I am going to call (909 - 826) = 83 amortization of discount iincluded in interest income
950 - 909 = 41 = market to market gain.
In this case, the coupon rate is 10%, yield rate is 12%, thus, you can purchase it at a discounted price which is $94,205. Now, imagine that there’s an another bond with a 12% coupon rate which equals to the yield rate, then you should buy it at par value which is $100,000. As time passes to the maturity date, the price of both bonds will converge to $100,000, the difference between these two coupons will gradually be compensated by the difference between the $94,205 and the $100,000 .
Back to this case, you should receive $94,20512% (the price you paid is $94,205 and the yield rate is 12%) , but you only receive your coupon which is 100,00010% , so the difference is $1,305 which is the amount compensated in the first year. Thus, the bond price at the end of year 1 should be $94,205+$1,305.

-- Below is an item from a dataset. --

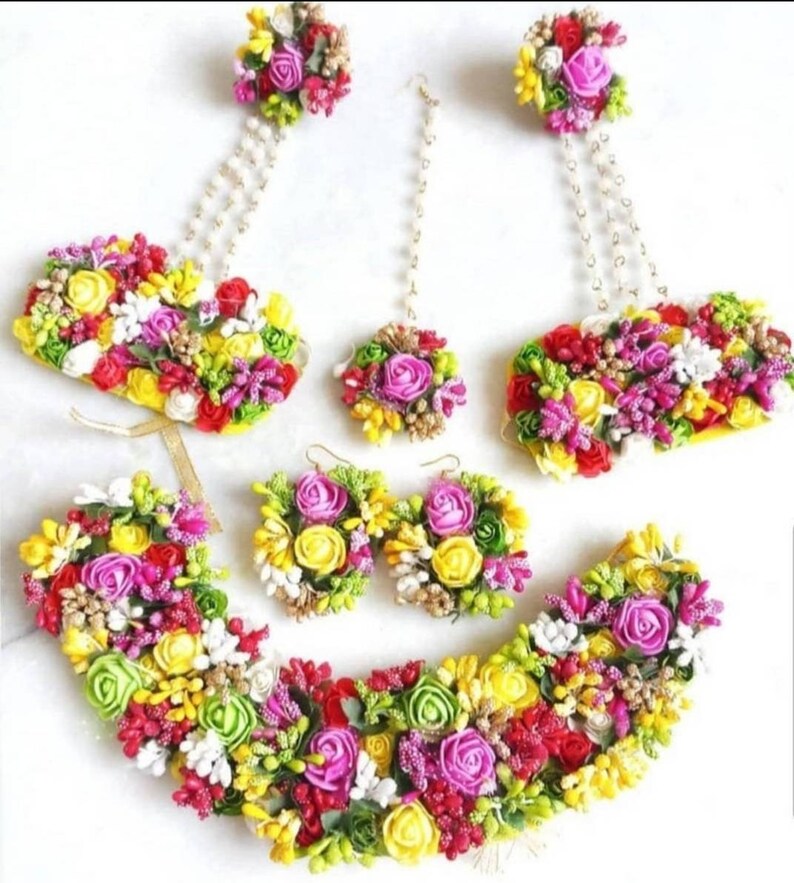Beautiful Multicolored Floral Jewellery set for Haldi Mehandi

That’s amortized cost and the calculation of bond price.
Now, the price of the bond at the end of year 1 is $97,430 and it should be $95,510. Thus, the unrealized gain is $97,430- $95,510.
Thank you so much for the quick and neat explanations!
The only point that I still have doubt is why do we need to subtract the amortized discount from the unrealized gains in FVPL?
I get that we have an unrealized gain due to increase in market value of the bond (if we are the bondholder, of course)…do we subtract it because its not an actual “gain” in interest income?
On Mikey’s example, the 83 (discount) equals to interest income because there is no coupon (zero coupon), is that correct?
Assuming no changes to anything.
We would buy the bond at 826
After 1 year we would expect it to see at 909
After 2 years it will be worth 1000 = maturity value.
We think of interest income as yield on bond x opening value
10% x 826 = 82.6 (roughly 83) but that has not come in cash as there is no coupon,
The 83 is amoertisation of the discount - the movement in value over time as we are discounting by less years.
When we want to market to market becuase of chnages in price we compare to "what theoreticaly we think it should be worrth ie. 909 not what we purchases it for.
The bond priced moved from 826 to 950
but 83 of this was due the passage of time. The gain due to “interest income” we would expect on the bond.
909 to 950 = 41 is the actual gain over what I expected.
Think of a different bonn
N = 2 Y/y = 10 PMT = 100 FV = 1000 CPT Price = 1000
N =1 i/Y = 10 PMT = 100 FV = 1000 CPT Price = 1000
Here the coupons at 10% = discount rate (i/y) = 10%
Just due to time we do not expect the bond price to chnage. It reamins at par. OUr expectation due to the maths is price = 1000.
If the market price moves to 1070 at the end of year 1 we have a gain of 70. At year1 we expected 1000 but the price was 1070 = gain at 70.
Back to the first bond.
The price mobed from 826 to 950 = 124
But expected a change of 83 (amortization of the discount) so the unrealised capiital is 124 - 83 = 41.
The 83 is the chnage we epect over time and is ineffect a source of interest income not capital gain.
How does the amortized discount shows up on Balance Sheet and Income Statement?
I understood that the amortized discount sums up to the carrying value of the bond on the balance sheet (under “receivables” if we are talking on the bondholder, right?)
But how about the income statement?
We add the interest income, but what do we do with the coupon value and the amortized discount in each period? Likewise, what happens under the perspective of the issuer?